Wednesday, March 7, 2007

Navy Bean Soup

In addition to being on a casserole kick, I am also on a bean soup jag. Again, I cite the cold and the related need for coziness as my defense. The fortunate thing is this: there is no shame in loving a good bean soup.

First though: In talking to friends, I have discovered that there are people out there who fear dried beans (eek!). So, this weekend, I'll be posting a leguminous dissertation about beans and bean cookery. Stay tuned ...

Tonight's soup recipe is below, do not be skeptical of the limited ingredient list, and the secret ingredient.

Navy Bean Soup
  • 1 pound navy beans (these are small white beans, not to be confused with cannellini which are large white beans)
  • 1 tablespoon olive oil
  • 1 onion, chopped
  • 1/2 pound ham, chopped (I get thick sliced ham at the deli counter and cube it)
  • 1/4 - 1/2 cup ketchup, to taste
  • salt and pepper

Pick over and rinse the beans. Put them in a bowl and cover them with water. In a large soup pot, saute the onion in a little olive oil until soft and translucent, about 5-10 minutes, depending on the size of your chop.

Drain the beans and add them to the soup pot with the onions. Cover the beans with water (you want the water to be about 1" above the beans) and bring to a boil. Add salt (2 - 3 teaspoons). When the water is boiling, turn down the heat and simmer the beans until soft and smooshy, adding more water as needed (you don't want them falling apart, but they should be the opposite of al dente: gently yielding). Depending on the age of your beans, this could take anywhere from 45 minutes to 2 hours. Add the ham after the beans have started simmering.

When the beans are done, take your trusty potato masher and mash some of the soup up so it becomes creamy. Add more water if everything is too think.

Squirt in the ketchup. Start with 1/4 cup and see what it tastes like to you: you should taste a little tomato, but what you should find is that the ketchup brings the "beaniness" together with the onion and the ham. Add more ketchup if you'd like (remember this is not tomato soup ... unless you want it to be). Adjust salt to taste and grind in lots of pepper.

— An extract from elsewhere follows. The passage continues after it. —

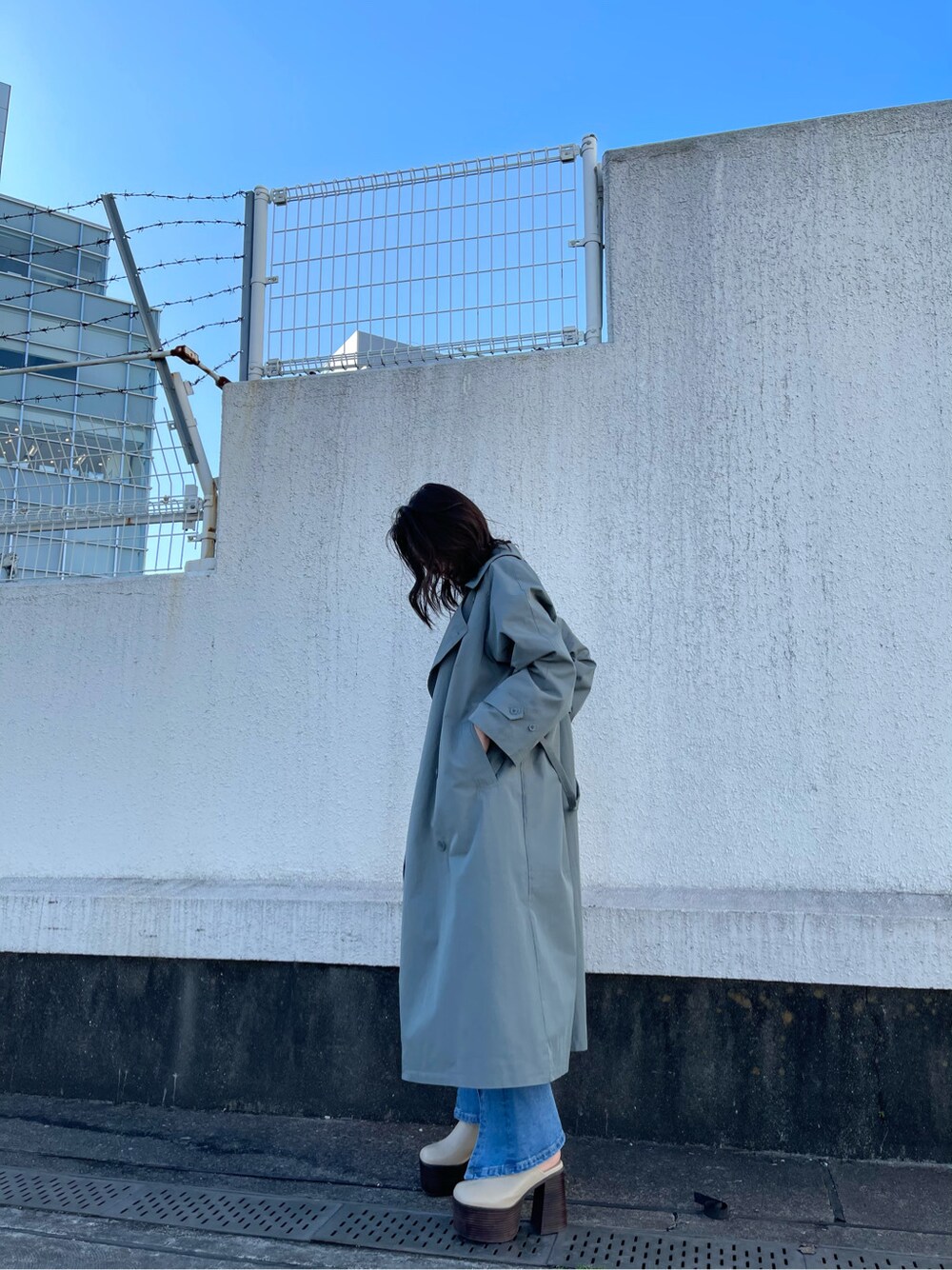 グリーン系のトレンチコート、ホワイト系のサンダル、ブルー系のデニムパンツを着用したレディースの冬コーディネートの7枚目の写真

Makes 4-5 servings. I usually make a double batch of bean soups - so easy to freeze.

1 comment:

Anonymous said...

Everything sounds interesting, and, yes, it is comfort-food weather. I'm glad you'll be writing about dried beans. I always use those rather than canned, but with larger beans the results are sometimes unpredictable. I follow the soaking & cooking directions, but often end up with beans that are soft inside, with a tough outer shell.
You mention that the age of the beans matters. I keep several bags in the refrigerator and also put some in mason jars and keep them on a shelf near a window (not sunny.) Better not do that any more, right?